Для этого он создал в своей огромной стране многообразные предпосылки. Он основал школы и больницы, построил монастыри и ступы в память о Будде, заботился о чистых городах с озелененными, тенистыми улицами и беспокоился о благе всего народа. Колонны Ашоки со львом и колесом учения и с его указами были сооружены по всей стране.
Они до сих пор показывают обширные границы его государства. Это оказалось хорошей предпосылкой для созыва в 246 году до н. э. третьего буддийского собора, в котором приняли участие более 1000 монахов.

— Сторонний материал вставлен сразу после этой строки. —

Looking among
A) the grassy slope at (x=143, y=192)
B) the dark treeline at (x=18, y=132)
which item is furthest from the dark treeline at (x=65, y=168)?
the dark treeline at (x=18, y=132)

Девять месяцев длилось великое собрание монахов, на котором, вероятно, была установлена известная нам форма канона речей Будды на языке пали в виде текстов, сохраненных Анандой. Когда была осуществлена запись этих речей, сегодня установить невозможно. Вероятно, это произошло только спустя два столетия после этого третьего собора, по в форме, установленной при Ашоке, потому что в таком виде учение попало с одним из первых буддийских миссионеров, Махиндрой, родственником царя, на Цейлон (Шри-Ланка), где в XIX веке были найдены манускрипты речей Будды на пальмовых листьях. После этого последовали первые переводы на европейские языки.
Структуру, которую часть монахов, присутствовавших на третьем соборе, придали учению в III веке до н. э., мы называем буддизмом тхеравада или хинаяна — малая колесница. Это учение перешло тогда границы Индии на западе в направлении сегодняшнего Пакистана и Афганистана, оно, хотя и измененное по сравнению с первоначальным буддизмом, осталось до наших дней наиболее близким дхарме, как ее понимал и проповедовал Будда.
Так как собор возвел буддизм до государственной религии, то в Паталипутре возникли значительные разногласия между монахами относительно учения, которые в конце концов привели к первому официальному расколу ордена и выходу из него большого числа монахов, считавших, что строгая структура учения тхеравада не подходит большинству людей. Эти противники «пути старца», как называли буддизм тхеравада, стали называть себя махасангхика — «Большая община».
Первому разделению ордена предшествовали многочисленные конфликты и недоразумения в монастырях, несмотря на все усилия и помощь Ашоки. Благодаря щедрой поддержке царя, направленной на процветание ордена, чрезвычайно возросло число монахов. Многие новые монахи серьезно не воспринимали спасение и видели в монашестве только удобный образ жизни, не заботясь об уставе ордена.
Выразители взглядов махасангхики видели, как ослабевала дисциплина в ордене и все меньше монахов действительно искали путь Будды. Это побудило их требовать облегчения пути к спасению, чтобы сделать учение приемлемым для всего народа.
То, что началось как буддийское народное движение, которое хотело прежде всего примкнуть к жизненным правилам Будды и создать всем людям сносную жизнь, без жестокости и угнетения, уже было началом буддизма махаяны — большой колесницы, который, однако, далеко отошел от этих, можно сказать, социальных ранних идей народного буддизма.
Прежде всего спор шел об осуществлении учения Будды в повседневной жизни и о добросовестности таких усилий. Спор проходил на ученых диспутах, но был вынесен и на улицы. В итоге, после многочисленных маленьких конфликтов, на переднем плане стояла схизма Сангхи — первый раскол ордена.
С этой точки зрения часть предсказаний Будды о распаде ордена сбылась ранее намеченного им срока, но полностью они не сбылись до наших дней.